Requirement>
Without any pictures, retype exactly the lines that begin at the one holding "Idol Lab Idologija" and end at the last line of the data below.

Input data>
++++++

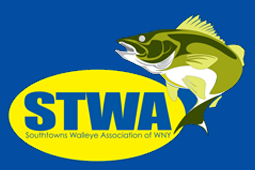 Southtowns Walleye of WNY, Inc.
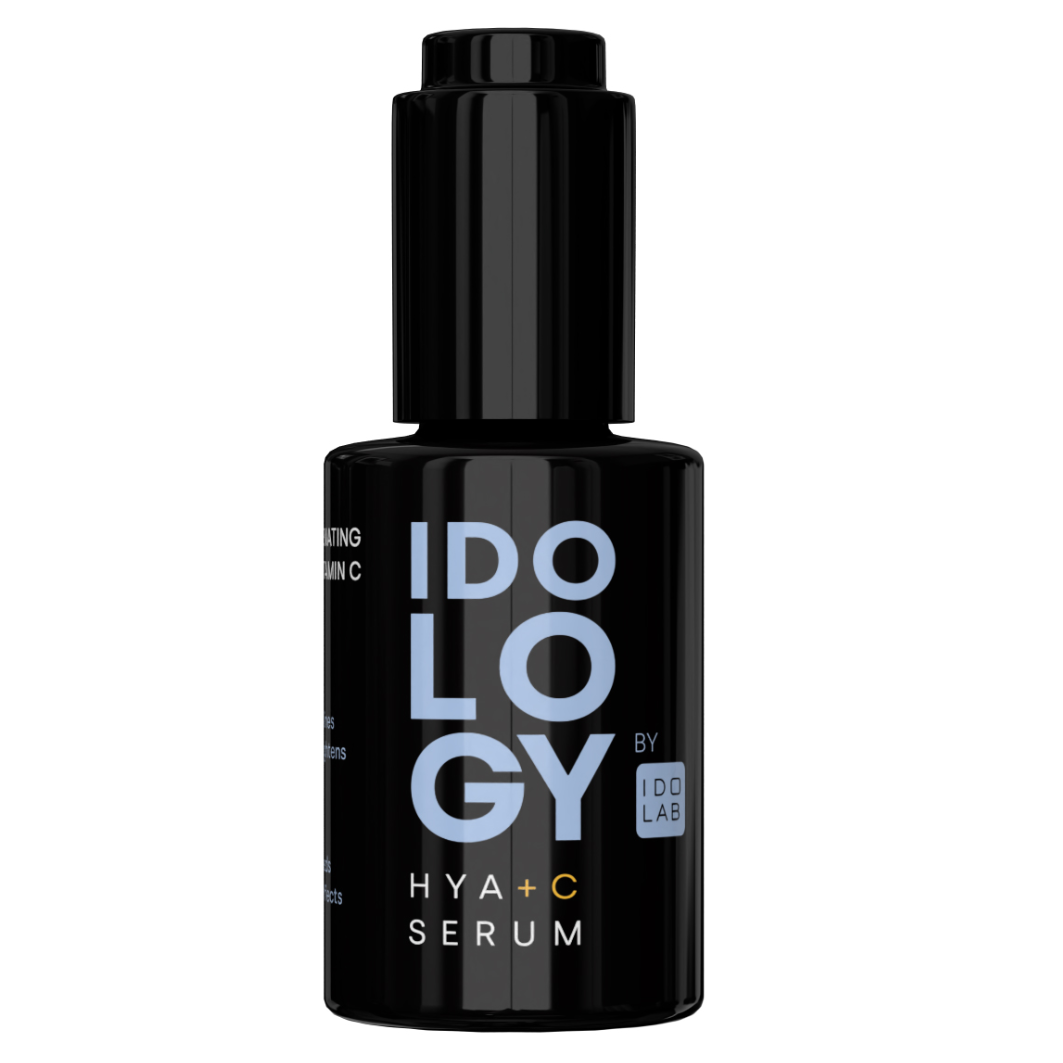 Idol Lab Idologija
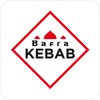 Икона Bafra Kebab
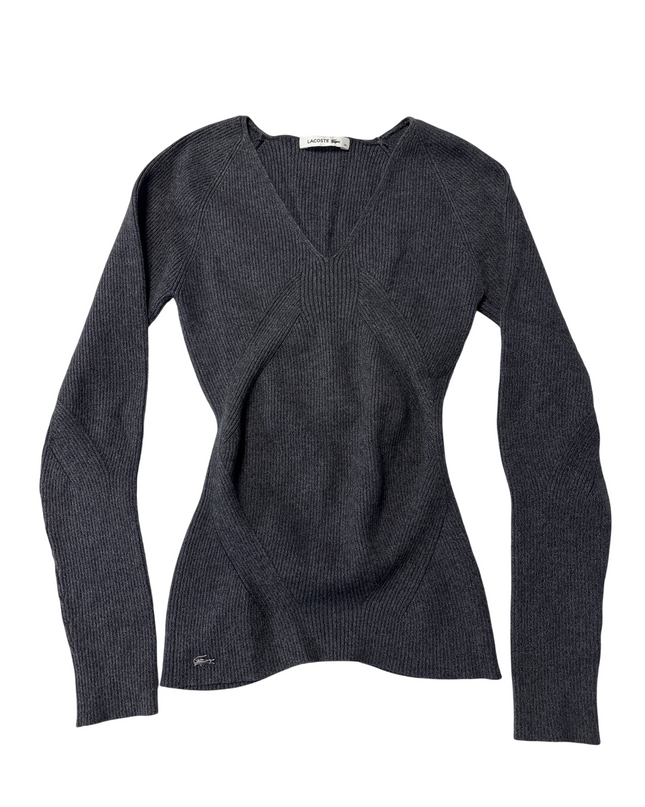 MC-09625-1440-3PCO2-001-front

++++++

Task output>
 Idol Lab Idologija
 Икона Bafra Kebab
 MC-09625-1440-3PCO2-001-front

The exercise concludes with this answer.